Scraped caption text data

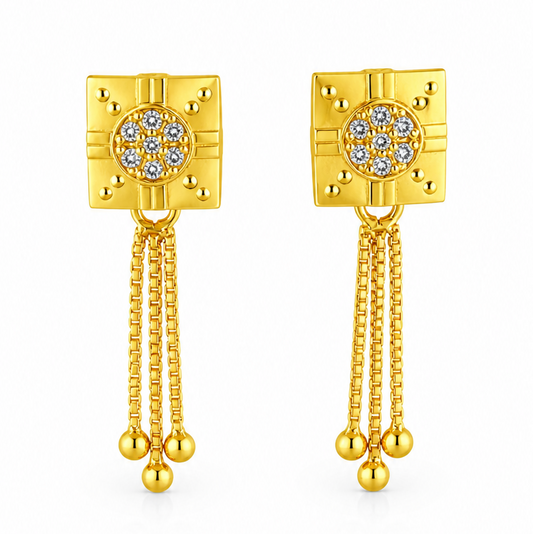 NuGold Regal Chain Tassel Crystal Earrings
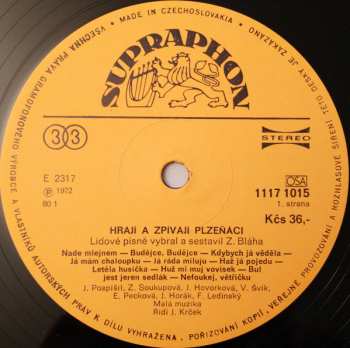 LP Various: Hrají A Zpívají Plzeňáci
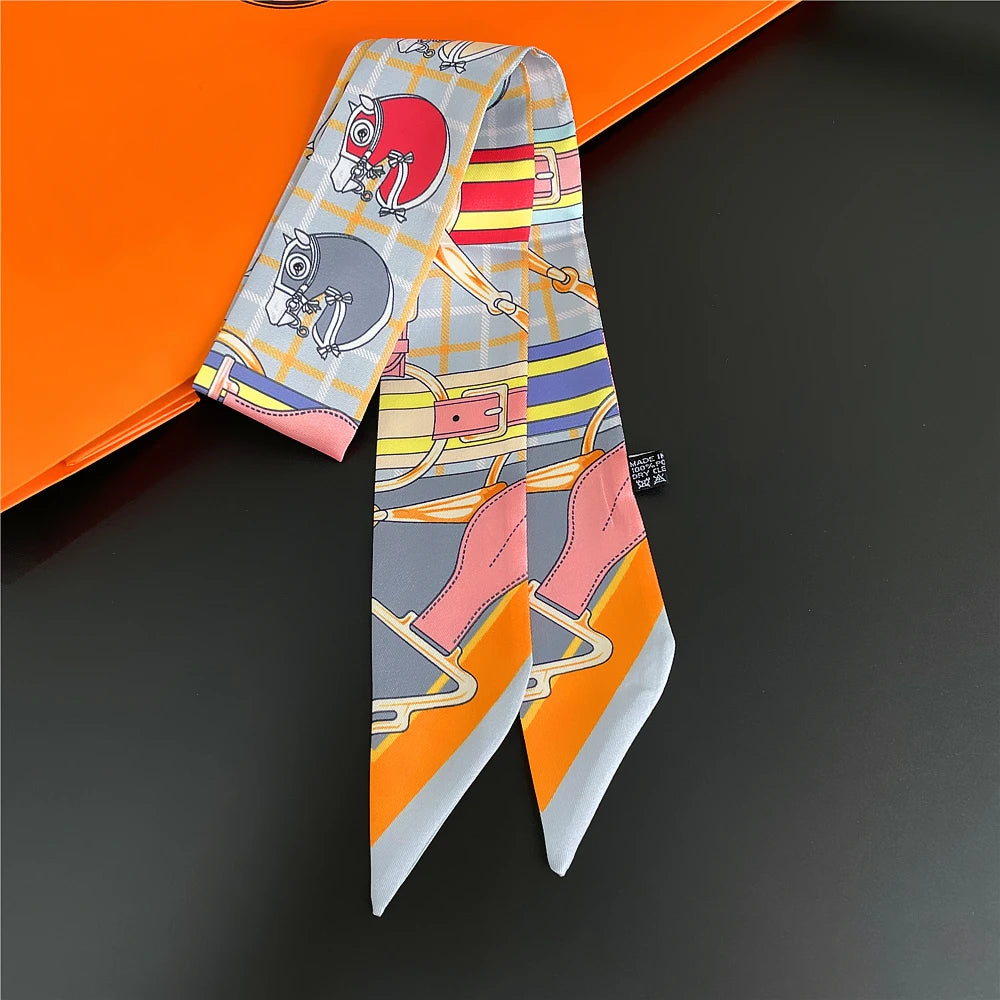 Foulard Femme Imprimé – Écharpe Fine en Soie, Accessoire pour Sac & Cheveux - Vestico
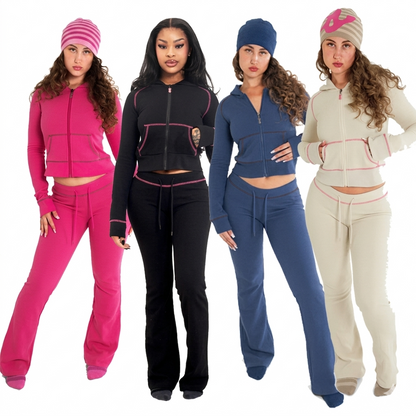 Women's Cropped Jacket and Flared Leggings Set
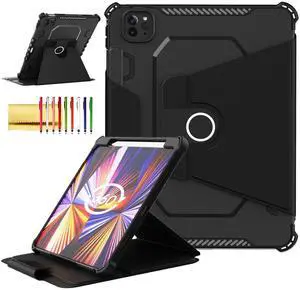 Rotating Case for iPad Pro 11" 4th/3rd/2nd Gen, iPad Pro 11 Smart Cover with Pencil Holder, Techcircle Hybrid TPU+PC Magnetic Cover Soft Bumper Slim Fit Folio Shockproof Protective Case-Black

## WORK ORDER
Using the records above, extract exactly and only the lines from the one with "Women's Cropped Jacket" through the final line, inclusive, leaving out pictures.

## EXERCISE SOLUTION
 Women's Cropped Jacket and Flared Leggings Set
 Rotating Case for iPad Pro 11" 4th/3rd/2nd Gen, iPad Pro 11 Smart Cover with Pencil Holder, Techcircle Hybrid TPU+PC Magnetic Cover Soft Bumper Slim Fit Folio Shockproof Protective Case-Black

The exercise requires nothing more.